**What you will do**
Starting from the line that holds "Metropolitain (Metro) Station", output exactly each line through the end of the listing. Do not copy pictures.

**Given material**
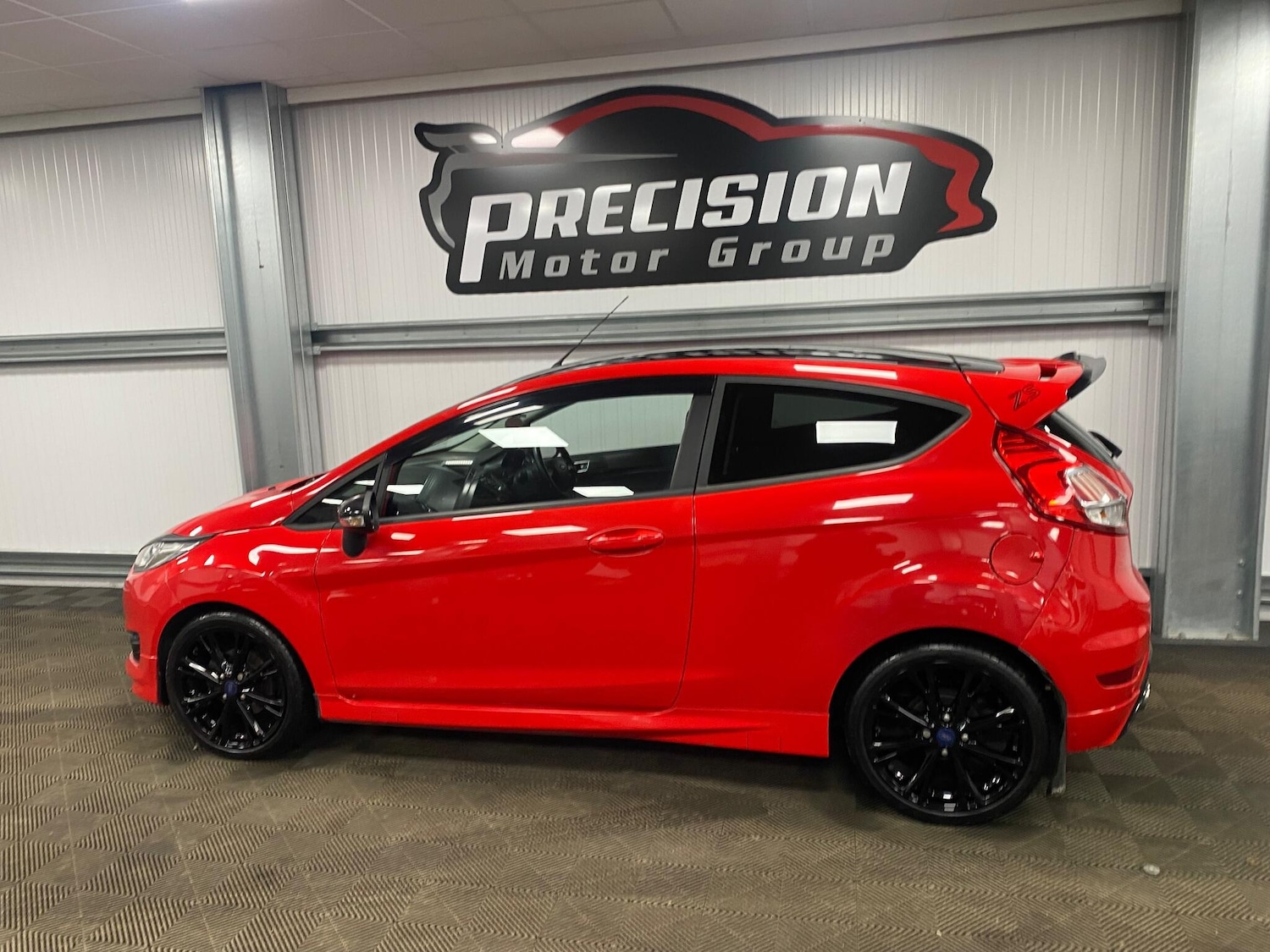 Used Ford Fiesta 2015 for sale - 76850298: Photo 7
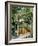 Metropolitain (Metro) Station Entrance, Paris, France, Europe-Gavin Hellier-Framed Photographic Print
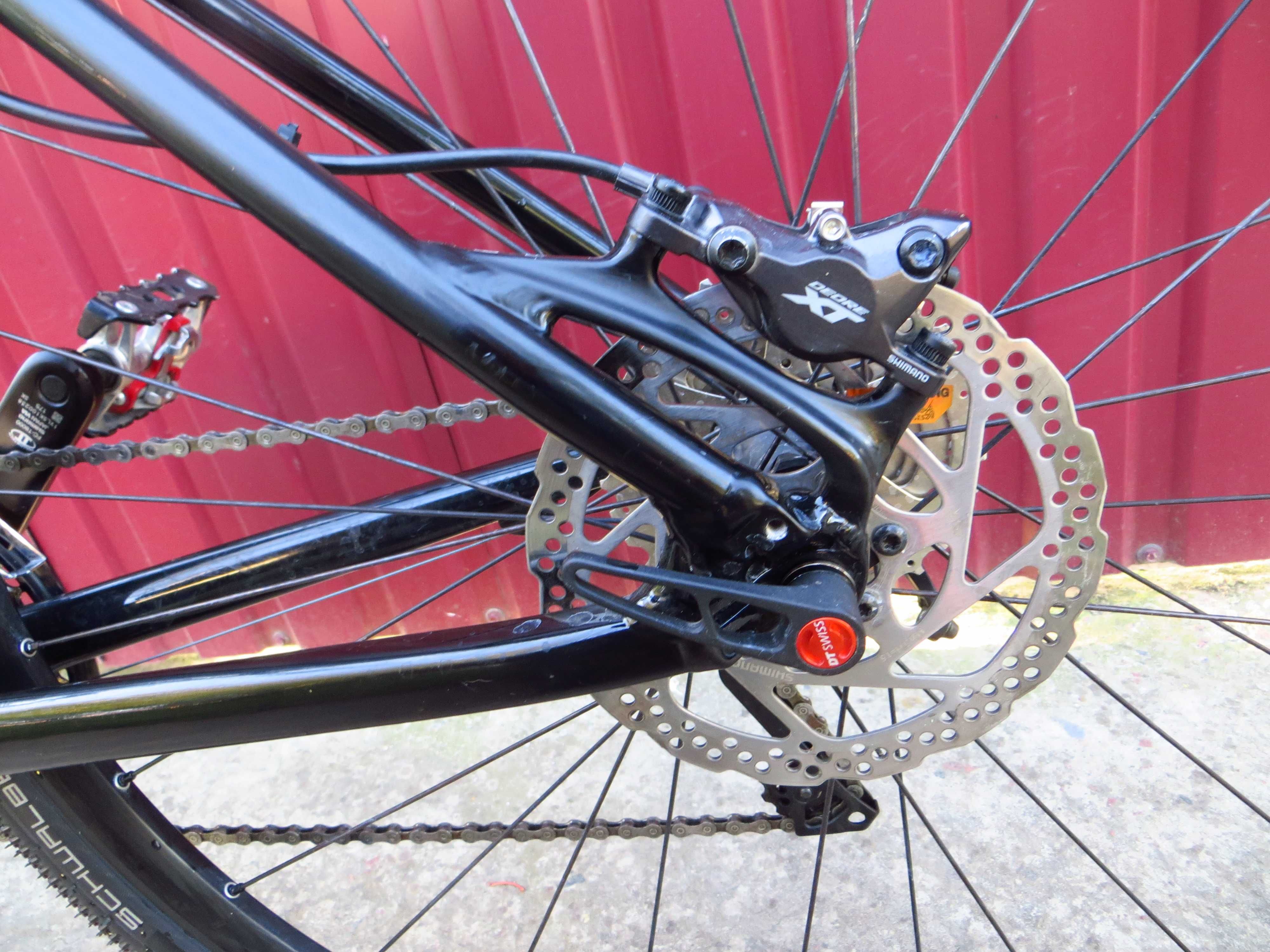 Велосипед Radon SCART LIGHT 10.0 Rock Shox, Shimano XT, DT Swiss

**Task response**
 Metropolitain (Metro) Station Entrance, Paris, France, Europe-Gavin Hellier-Framed Photographic Print
 Велосипед Radon SCART LIGHT 10.0 Rock Shox, Shimano XT, DT Swiss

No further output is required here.